Una ricerca del National Literacy Trust (NLT) ha rilevato che la percentuale di bambini e ragazzi che hanno dichiarato di amare la lettura nel 2025 è ai minimi storici da 20 anni: solo 1 su 3 (32,7%) tra gli 8 e i 18 anni afferma di leggere volentieri nel tempo libero. Ciò rappresenta un calo del 36% da quando l’NLT ha iniziato a monitorare questo dato nel 2005.
E non sembrano essere solo i giovani ad aver perso il piacere di leggere.
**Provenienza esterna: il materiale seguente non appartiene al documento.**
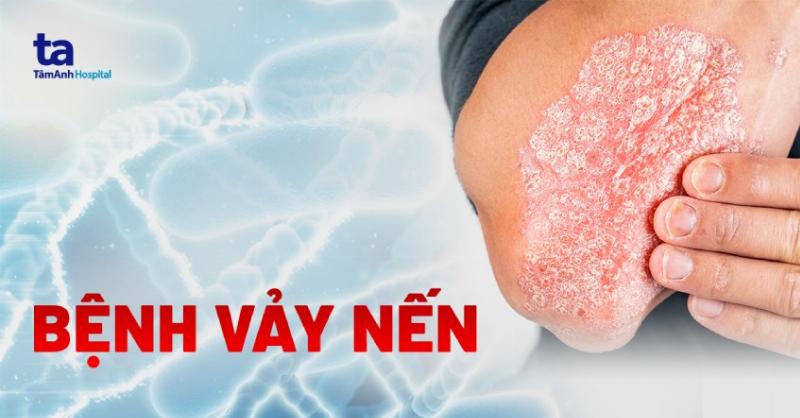 Minh họa cách tẩy da chết cho da toàn thân, tập trung vào các vùng da sần sùi như khuỷu tay, đầu gối.
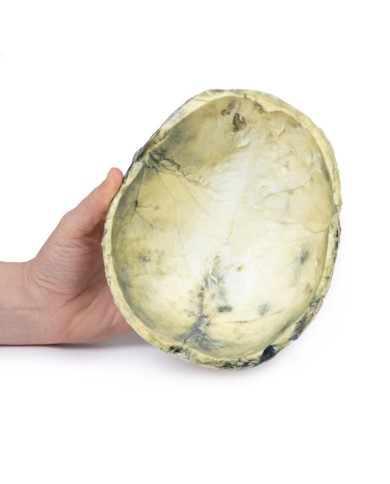 Sifilide terziaria Erler Zimmer 3D anatomy Series MP2113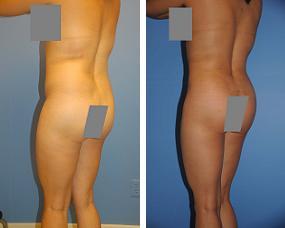 Fat Transfer 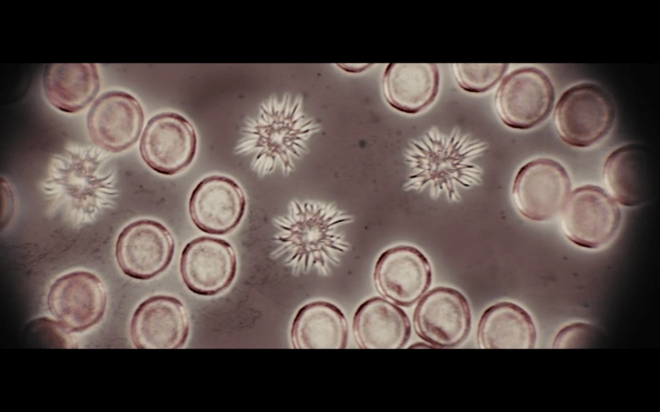 Funny how alien blood cells are always spiky...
Uno studio della Reading Agency ha rilevato che il numero di adulti nel Regno Unito che dichiara di leggere regolarmente è diminuito di quasi il 14%, passando dal 58% al 50% dal 2015, mentre chi dichiara di non essere mai stato un lettore abituale è passato dall’8% al 15%.
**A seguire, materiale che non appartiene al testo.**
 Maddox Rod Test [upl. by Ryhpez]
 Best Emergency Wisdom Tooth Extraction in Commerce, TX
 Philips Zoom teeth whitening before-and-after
Un dono che continua a dare frutti
Dato che leggere per piacere offre enormi benefici, dal successo scolastico a vari vantaggi per la salute fisica e mentale, il Ministero dell’Istruzione ha proclamato il 2026 “L’Anno Nazionale della Lettura”. In collaborazione con l’NLT, la campagna mira a contrastare il netto calo dell’interesse per la lettura nel Regno Unito e a riconnettere persone di tutte le età con la lettura come attività sana e gratificante. “L’Anno Nazionale della Lettura ci offre l’opportunità, unica per questa generazione, di rinvigorire il rapporto del Regno Unito con i libri e cambiare le storie di vita delle persone”, ha affermato Jonathan Douglas CBE, Amministratore Delegato dell’NLT. “Che si tratti di un neonato che scopre la magia di un libro illustrato per la prima volta, di un adolescente immerso nelle fan fiction o di un adulto che legge le pagine sportive durante il tragitto casa-lavoro, la lettura è per tutti”.
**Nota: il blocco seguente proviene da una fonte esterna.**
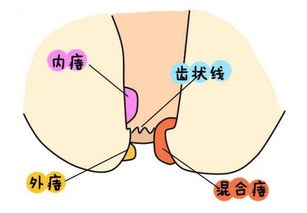 痔瘡術后十大注意事項,痔瘡手術后的注意事項,痔瘡術后注意事項及飲食禁忌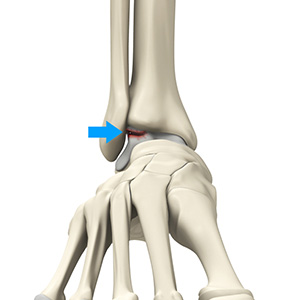 Osteochondral Lesions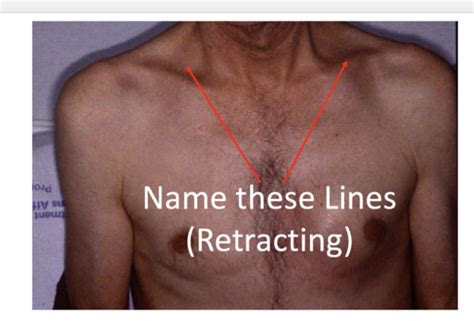 Respiratory N246 Flashcards | Quizlet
L’anno è iniziato a gennaio con un evento di lancio che ha visto la partecipazione dell’autore e presentatore televisivo Richard Osman, dell’ex calciatore dell’Arsenal e della nazionale inglese Theo Walcott, oltre agli autori e illustratori per bambini Nadia Shireen e Jordan Glover, che hanno guidato una serie di attività con gli scolari locali.
L’iniziativa prevede eventi e attività in tutto il Paese, dalle visite degli autori nelle scuole alle sfide di lettura nelle biblioteche, il tutto pensato per spingere i giovani a leggere per piacere e incoraggiarli a continuare a farlo per tutta l’età adulta. Nel frattempo, anche il mondo delle riviste ha sostenuto l’iniziativa, con la PPA (Professional Publishers Association) che ha dato il suo pieno appoggio al programma.
“I brand di riviste hanno un ruolo storico nell’incoraggiare abitudini di lettura durature e nel coinvolgere un pubblico di tutte le età”, ha dichiarato Sajeeda Merali, CEO della PPA. “Attraverso questa partnership, vogliamo sottolineare il potere della lettura e i benefici cognitivi, emotivi e sociali che apporta, aiutando a trasformare l’approccio alla lettura, ispirare curiosità e mettere le persone in condizione di distinguere meglio tra realtà e finzione”.
Il valore della lettura
Che si tratti di mettersi comodi con un buon libro nel proprio angolo preferito o di ricavare cinque minuti per leggere l’articolo di una rivista, non c’è dubbio che la lettura porti un piacere immenso a moltissime persone. Ma con la vita moderna che richiede sempre più attenzione, è chiaro che la lettura possa spesso passare in secondo piano.
In un’epoca in cui trovare fonti di informazione affidabili e verificare i fatti non è mai stato così importante, l’Anno Nazionale della Lettura va accolto con favore, ricordando a tutti che immergersi in una storia è uno dei modi migliori per rilassarsi e può trasformarsi in un’abitudine permanente che darà i suoi frutti per i decenni a venire.